Problem to work on: Output the data below only from the line containing "Patricia Sipes - @patricia.sipes3 - TikTok" up to and including the line containing "Cork Texture Close Up", exact and with the pictures left out.

Dataset records:
────

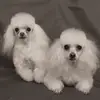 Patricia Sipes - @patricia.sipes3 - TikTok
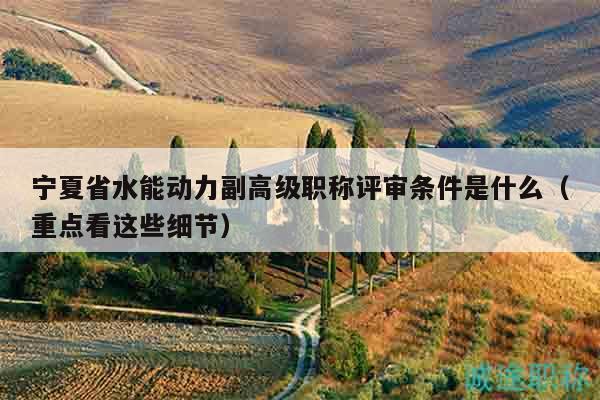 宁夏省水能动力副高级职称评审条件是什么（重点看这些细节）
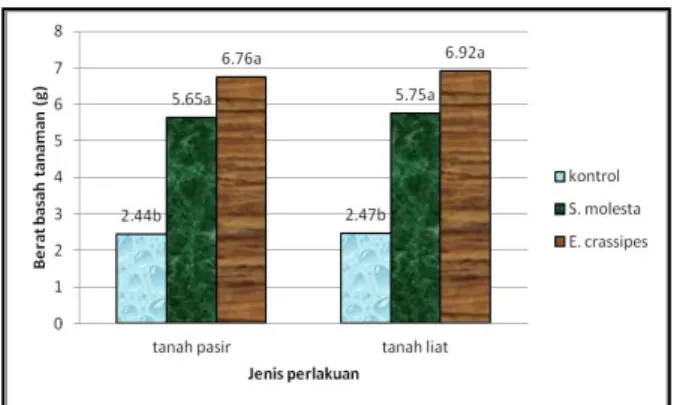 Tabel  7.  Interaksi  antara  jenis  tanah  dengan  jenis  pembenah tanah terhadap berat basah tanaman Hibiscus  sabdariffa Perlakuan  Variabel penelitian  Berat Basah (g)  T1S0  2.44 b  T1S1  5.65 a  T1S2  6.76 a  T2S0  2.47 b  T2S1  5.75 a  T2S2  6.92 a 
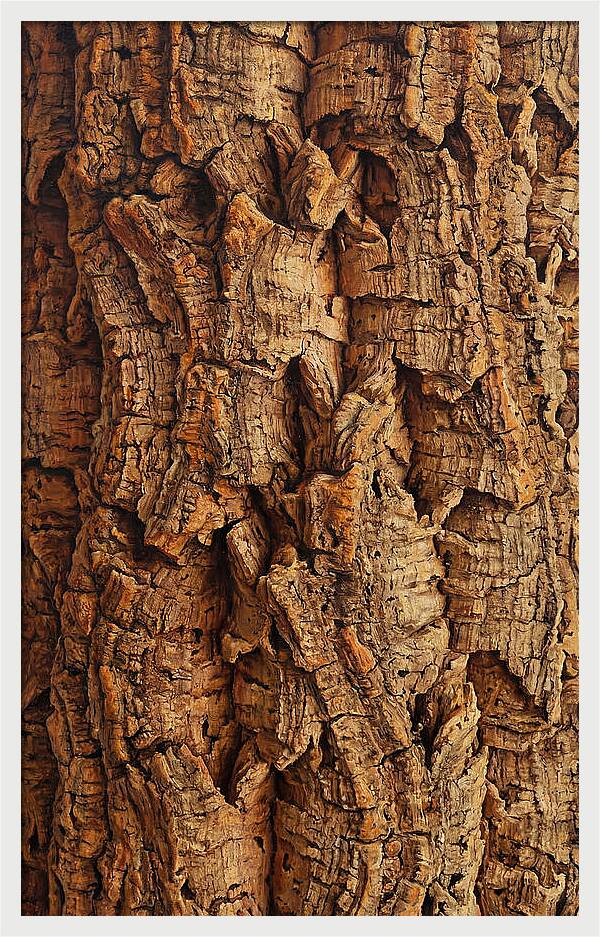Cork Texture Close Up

────

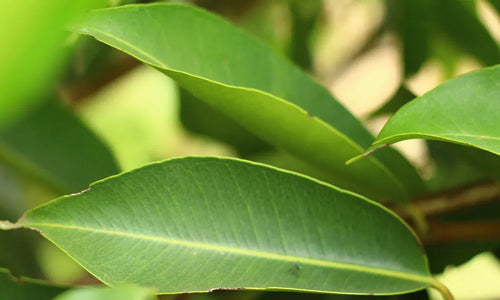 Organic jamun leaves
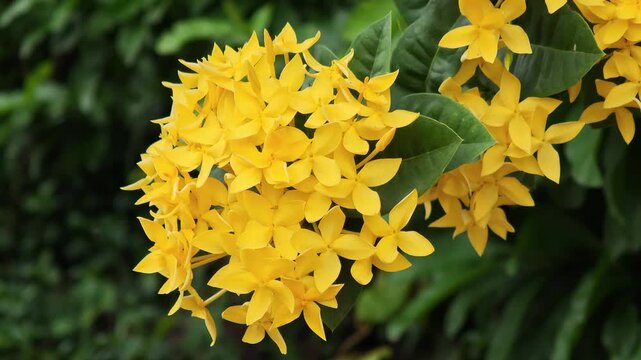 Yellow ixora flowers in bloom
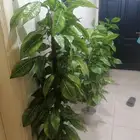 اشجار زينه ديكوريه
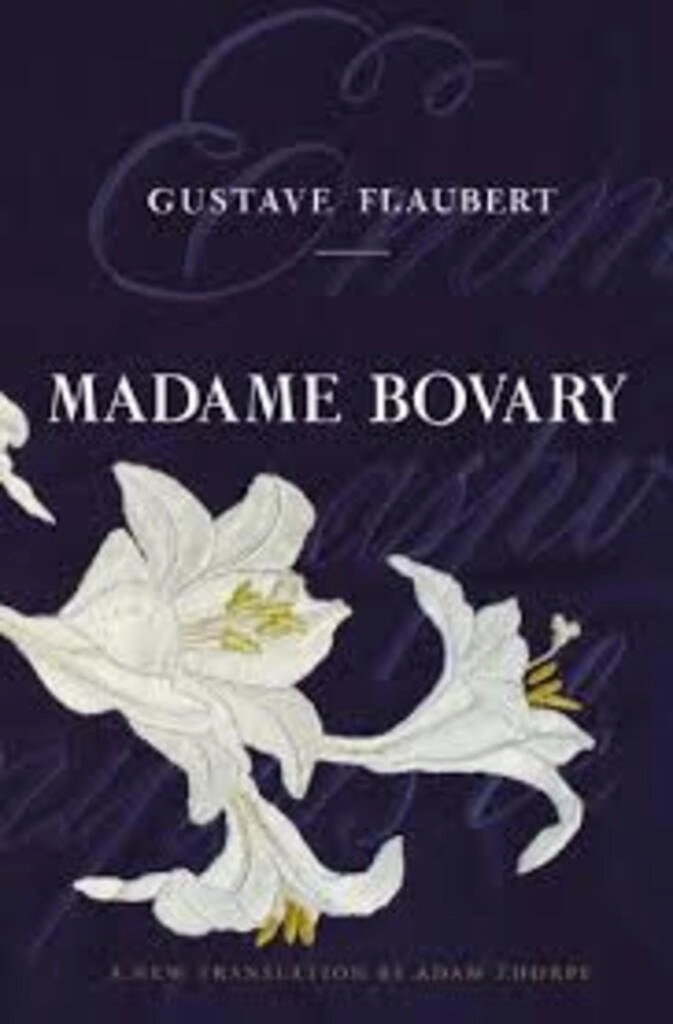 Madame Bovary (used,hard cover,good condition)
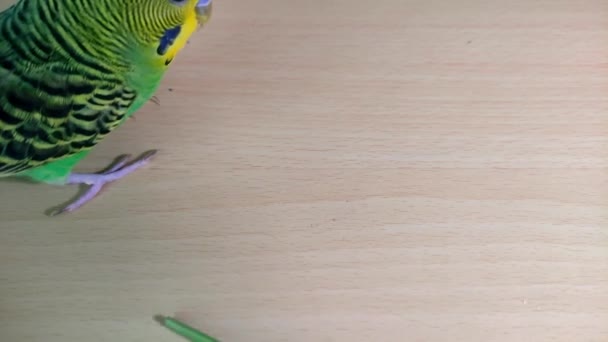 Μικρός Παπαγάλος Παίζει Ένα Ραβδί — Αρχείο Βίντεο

────

Written solution:
 Patricia Sipes - @patricia.sipes3 - TikTok
 宁夏省水能动力副高级职称评审条件是什么（重点看这些细节）
 Tabel  7.  Interaksi  antara  jenis  tanah  dengan  jenis  pembenah tanah terhadap berat basah tanaman Hibiscus  sabdariffa Perlakuan  Variabel penelitian  Berat Basah (g)  T1S0  2.44 b  T1S1  5.65 a  T1S2  6.76 a  T2S0  2.47 b  T2S1  5.75 a  T2S2  6.92 a 
Cork Texture Close Up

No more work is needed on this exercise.